Nvidia Tesla P100

Jen-Hsun announced the amazing Tesla P100 GPU at GTC 2016.

http://www.nvidia.com/object/tesla-p100.html

Will it also have improved “random access memory transactions per second” ?

So what’s the over-under that the consumer Pascal multiprocessors will have such massive register files?

I wouldn’t be surprised if the GP10x consumer variants have 32K regs per 64 core SMP.

Hopefully I’m wrong!

There is a new whitepaper: NVIDIA GP100 Pascal Architecture – Infinite Compute for Infinite Opportunities

I wonder whether the writer of that whitepaper is aware of the meaning of “infinite”, or whether Pascal is in fact the solution for all NP hard problems out there.

I’m pretty not happy about the decrease in shared memory size per SM. But I guess the effective size doubles in fp16 now so maybe it’s not a big deal.
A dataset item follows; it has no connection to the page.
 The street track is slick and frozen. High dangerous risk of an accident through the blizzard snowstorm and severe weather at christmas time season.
Pretty sure I’ll mostly only care about lower precision performance from now on.

I’d also rather have fewer SMs with more schedulers/cores. I generally have no problem filling an SM with warps, but often times it’s the total number of available blocks that comes up short. But I guess I could be looking harder for independent work and leveraging streams more.

It would nice to know what the new L1 and instruction cache sizes are.
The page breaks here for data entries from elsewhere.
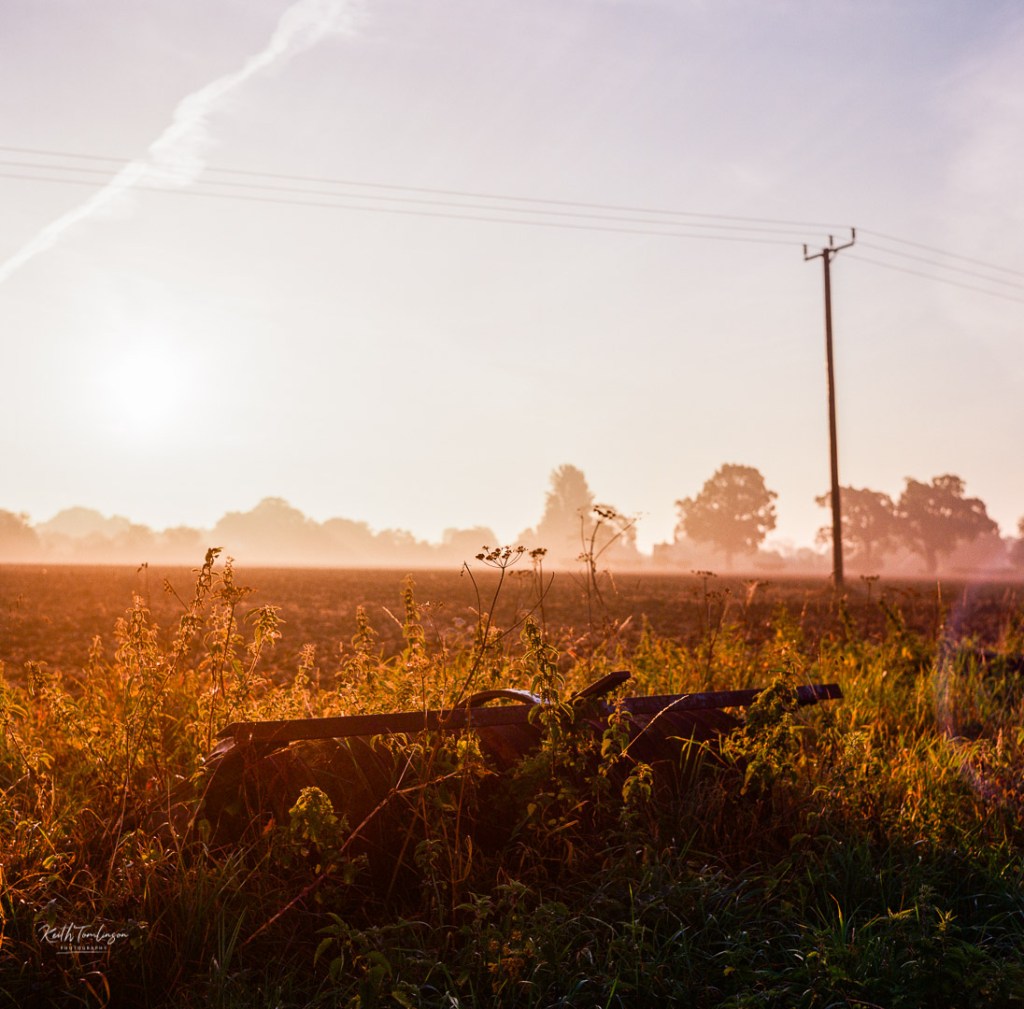 Sun rises over a ploughed field with a plough resting at the edges of the field
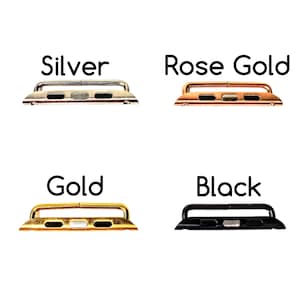 Puede incluir: Cuatro adaptadores de correa de reloj en plata, oro rosa, oro y negro. Cada adaptador tiene una base rectangular con una barra superior curva. Los colores est&aacute;n etiquetados con el texto "Silver", "Rose Gold", "Gold" y "Black".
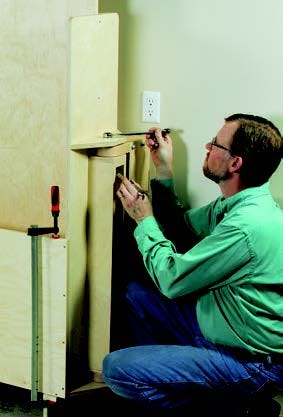 Adding spacers to swing out plywood storage system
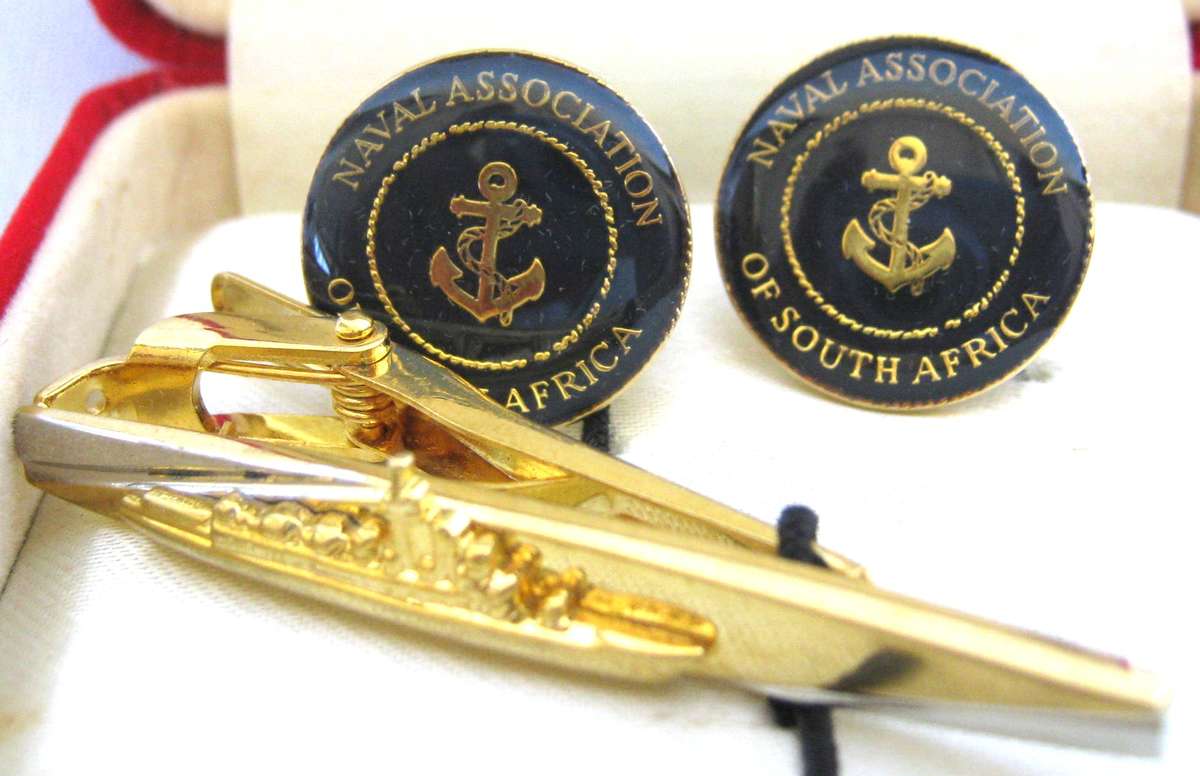 BOXED PAIR OF NAVAL ASSOCIATION CUFF LINKS WITH TIE PIN AND A PAIR OF N.E.B. CUFF LINKS ?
Scott, Have you had a chance to work with Pascal yet?

BTW I enjoyed your talk at GTC.

My only complaint was that they only gave you 25 minutes to speak while I think the audience would have been fine with a hour or more.

@njuffa, Infinite™®*!

@scottgray, for all the reasons you list, I’m hoping the consumer GP10x is closer to an sm_50’ish 128/4/64K/64KB FP32/FP64/REGS/SMEM.

Well I guess in an age where “unlimited” internet connectivity is in fact capped, “infinite” compute may have acquired a new meaning as well.
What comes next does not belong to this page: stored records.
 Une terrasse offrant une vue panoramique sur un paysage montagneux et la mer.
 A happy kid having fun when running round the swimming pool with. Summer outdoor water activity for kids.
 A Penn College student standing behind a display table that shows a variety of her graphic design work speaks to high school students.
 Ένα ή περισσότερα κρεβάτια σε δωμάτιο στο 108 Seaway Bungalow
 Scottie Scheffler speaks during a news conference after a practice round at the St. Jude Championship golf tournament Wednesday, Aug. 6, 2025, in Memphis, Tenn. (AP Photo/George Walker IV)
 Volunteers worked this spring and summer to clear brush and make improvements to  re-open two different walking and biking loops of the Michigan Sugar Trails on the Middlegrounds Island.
The reduced shared memory size jumped out to me as well, that seems to be asking for trouble, performance portability wise. I wonder whether it may be a consequence of the much higher SM core frequencies coupled with a desire to keep shared memory latency low?

From what I can tell Pascal-based consumer-level products are still quite some time off into the future, so nothing to worry about until then. I am particularly eager to see how much more compute they managed to squeeze into the lower-end GPUs without auxiliary power connectors. Will it really be 2x Maxwell?

External Media

March 27-30 2017 for GTC 2017, guessing the GP100 GeForce TITAN & Quadro P6000 will be launched at that time since the demand for Tesla P100 is off the charts.